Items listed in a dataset
.....

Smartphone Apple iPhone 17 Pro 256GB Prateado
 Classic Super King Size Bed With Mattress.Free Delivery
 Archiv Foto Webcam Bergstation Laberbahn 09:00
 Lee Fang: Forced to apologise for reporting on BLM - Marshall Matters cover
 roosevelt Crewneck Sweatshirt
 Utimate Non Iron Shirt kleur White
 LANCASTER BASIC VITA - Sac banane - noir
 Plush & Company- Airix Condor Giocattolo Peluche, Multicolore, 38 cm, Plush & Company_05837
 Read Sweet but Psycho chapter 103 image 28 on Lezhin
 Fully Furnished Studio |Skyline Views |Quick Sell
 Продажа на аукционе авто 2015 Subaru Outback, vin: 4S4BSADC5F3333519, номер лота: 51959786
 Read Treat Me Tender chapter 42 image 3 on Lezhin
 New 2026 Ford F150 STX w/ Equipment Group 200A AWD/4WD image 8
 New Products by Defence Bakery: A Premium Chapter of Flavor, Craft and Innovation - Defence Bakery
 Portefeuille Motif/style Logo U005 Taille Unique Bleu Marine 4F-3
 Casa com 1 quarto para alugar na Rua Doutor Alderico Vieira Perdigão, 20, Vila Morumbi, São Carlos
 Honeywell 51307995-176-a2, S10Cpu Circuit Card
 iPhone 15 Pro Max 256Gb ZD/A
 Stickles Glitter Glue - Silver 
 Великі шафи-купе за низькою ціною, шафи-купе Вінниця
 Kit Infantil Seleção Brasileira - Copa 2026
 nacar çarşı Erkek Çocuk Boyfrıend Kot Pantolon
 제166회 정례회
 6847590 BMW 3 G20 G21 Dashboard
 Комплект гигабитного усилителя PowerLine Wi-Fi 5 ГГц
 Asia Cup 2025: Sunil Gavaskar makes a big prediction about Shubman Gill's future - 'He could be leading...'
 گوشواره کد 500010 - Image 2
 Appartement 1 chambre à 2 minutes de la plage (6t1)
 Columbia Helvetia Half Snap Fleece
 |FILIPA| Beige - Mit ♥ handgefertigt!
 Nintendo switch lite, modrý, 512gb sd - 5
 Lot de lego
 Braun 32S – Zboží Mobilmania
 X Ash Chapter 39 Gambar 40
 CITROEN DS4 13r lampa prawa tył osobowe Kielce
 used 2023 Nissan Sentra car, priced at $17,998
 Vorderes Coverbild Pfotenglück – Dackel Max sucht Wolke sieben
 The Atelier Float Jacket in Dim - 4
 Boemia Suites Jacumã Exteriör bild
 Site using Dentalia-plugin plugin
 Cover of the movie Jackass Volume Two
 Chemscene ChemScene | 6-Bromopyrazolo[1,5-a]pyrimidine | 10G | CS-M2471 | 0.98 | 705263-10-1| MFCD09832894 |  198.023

.....

• What is needed
Copy the records above faithfully. Begin at their first line, end at the line containing "Комплект гигабитного усилителя", and include nothing else.

• Solution for this exercise
Smartphone Apple iPhone 17 Pro 256GB Prateado
 Classic Super King Size Bed With Mattress.Free Delivery
 Archiv Foto Webcam Bergstation Laberbahn 09:00
 Lee Fang: Forced to apologise for reporting on BLM - Marshall Matters cover
 roosevelt Crewneck Sweatshirt
 Utimate Non Iron Shirt kleur White
 LANCASTER BASIC VITA - Sac banane - noir
 Plush & Company- Airix Condor Giocattolo Peluche, Multicolore, 38 cm, Plush & Company_05837
 Read Sweet but Psycho chapter 103 image 28 on Lezhin
 Fully Furnished Studio |Skyline Views |Quick Sell
 Продажа на аукционе авто 2015 Subaru Outback, vin: 4S4BSADC5F3333519, номер лота: 51959786
 Read Treat Me Tender chapter 42 image 3 on Lezhin
 New 2026 Ford F150 STX w/ Equipment Group 200A AWD/4WD image 8
 New Products by Defence Bakery: A Premium Chapter of Flavor, Craft and Innovation - Defence Bakery
 Portefeuille Motif/style Logo U005 Taille Unique Bleu Marine 4F-3
 Casa com 1 quarto para alugar na Rua Doutor Alderico Vieira Perdigão, 20, Vila Morumbi, São Carlos
 Honeywell 51307995-176-a2, S10Cpu Circuit Card
 iPhone 15 Pro Max 256Gb ZD/A
 Stickles Glitter Glue - Silver 
 Великі шафи-купе за низькою ціною, шафи-купе Вінниця
 Kit Infantil Seleção Brasileira - Copa 2026
 nacar çarşı Erkek Çocuk Boyfrıend Kot Pantolon
 제166회 정례회
 6847590 BMW 3 G20 G21 Dashboard
 Комплект гигабитного усилителя PowerLine Wi-Fi 5 ГГц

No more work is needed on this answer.